In June, at CRISPR Therapeutics’ Innovation Day, the Company provided the following updates regarding its wholly-owned oncology programs:
Presented new clinical data from the Company’s ongoing Phase 1 COBALT-RCC trial evaluating the safety and efficacy of CTX130 for the treatment of relapsed or refractory renal cell carcinoma (RCC). The preliminary data demonstrates the first signs of meaningful activity in solid tumors with an allogeneic cell therapy and a well-tolerated safety profile.
Announced plans to advance next-generation investigational therapies with additional gene edits that have the potential to improve upon first-generation programs. The Company expects to advance two next-generation constructs to IND by year end: CTX131 and CTX112 targeting CD70 and CD19, respectively.
Announced plans for a next-generation allogeneic CAR-T therapy targeting B-cell maturation antigen (BCMA) that incorporates proprietary edits to enhance the potency of the CAR-T cells.
Announced collaborations with top cancer centers on new targets. One with Moffitt Cancer Center will seek to advance a first-in-human trial for an autologous CAR-T investigational therapy targeting CD83 for the potential treatment of acute myeloid leukemia (AML) and other oncology and autoimmune indications. A second with Roswell Park Comprehensive Cancer Center will seek to advance an initial trial for an autologous, gene-edited CAR-T therapy targeting GPC3 for the potential treatment of solid tumors.

Regenerative Medicine

Enrollment and dosing are ongoing in the Phase 1 clinical trial of VCTX210 for the treatment of T1D. VCTX210 is an investigational, allogeneic, gene-edited, stem cell-derived product developed in collaboration with ViaCyte that applies CRISPR Therapeutics’ gene-editing technology to ViaCyte’s proprietary stem cell capabilities for the generation of pancreatic cells designed to evade recognition by the immune system. This immune-evasive cell replacement therapy is designed to enable patients to produce their own insulin.

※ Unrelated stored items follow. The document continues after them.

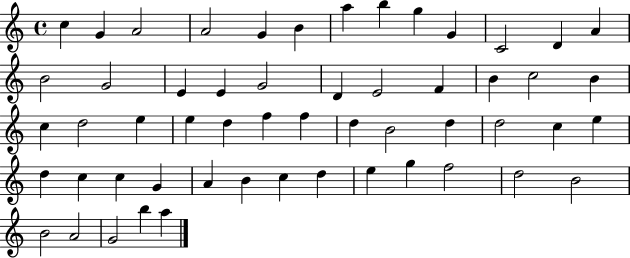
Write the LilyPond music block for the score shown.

{
  \clef treble
  \time 4/4
  \defaultTimeSignature
  \key c \major
  c''4 g'4 a'2 | a'2 g'4 b'4 | a''4 b''4 g''4 g'4 | c'2 d'4 a'4 | \break b'2 g'2 | e'4 e'4 g'2 | d'4 e'2 f'4 | b'4 c''2 b'4 | \break c''4 d''2 e''4 | e''4 d''4 f''4 f''4 | d''4 b'2 d''4 | d''2 c''4 e''4 | \break d''4 c''4 c''4 g'4 | a'4 b'4 c''4 d''4 | e''4 g''4 f''2 | d''2 b'2 | \break b'2 a'2 | g'2 b''4 a''4 | \bar "|."
}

In June, at CRISPR Therapeutics’ Innovation Day, the Company provided the following updates regarding its regenerative medicine programs:
Announced plans to expand its regenerative medicine pipeline with two next-generation approaches. The first, VCTX211, features novel edits to promote cell survival. The Company plans to file a CTA for VCTX211 in the second half of 2022. The second program, VCTX212, is in early-stage development for the treatment of Type 1 and Type 2 diabetes.
In Vivo
In June, at CRISPR Therapeutics’ Innovation Day, the Company provided the following updates regarding its in vivo programs:
Based upon ongoing progress with its in vivo approaches for liver gene editing utilizing both viral and non-viral delivery vehicles, CRISPR Therapeutics continues to expect to move multiple programs utilizing in vivo approaches into the clinic in the next 12 to 18 months, including programs in cardiovascular disease. The Company’s lead program, CTX310, targeting angiopoietin-related protein 3 (ANGPTL3) is currently in IND-enabling studies.
Announced the establishment of CRISPR-X, a dedicated group within CRISPR Therapeutics focused on emerging technologies, including those to allow HDR-independent and/or AAV-free whole gene correction and insertion.
Other Corporate Matters

In May, CRISPR Therapeutics announced the appointment of Phuong Khanh (P.K.) Morrow, M.D., FACP, as Chief Medical Officer. Dr. Morrow brings more than a decade of leadership experience in global drug development and joined CRISPR Therapeutics to lead the Company’s global clinical development and regulatory operations.
Second Quarter 2022 Financial Results

Cash Position: Cash, cash equivalents and marketable securities were $2,073.7 million as of June 30, 2022, compared to $2,379.1 million as of December 31, 2021. The decrease in cash of $305.4 million was primarily driven by cash used in operating activities to support ongoing research and development of the Company’s clinical and pre-clinical programs.

Revenue: Total collaboration revenue was $0.2 million for the second quarter of 2022, compared to $900.2 million for the second quarter of 2021. Revenue for the second quarter of 2021 was primarily associated with the $900.0 million upfront payment from Vertex in connection with the Amended and Restated Joint Development and Commercialization Agreement.

R&D Expenses: R&D expenses were $123.2 million for the second quarter of 2022, compared to $82.3 million for the second quarter of 2021. The increase in expense was driven by development activities supporting the advancement of our wholly-owned immuno-oncology programs, as well as expenses related to our new U.S. research and development headquarters.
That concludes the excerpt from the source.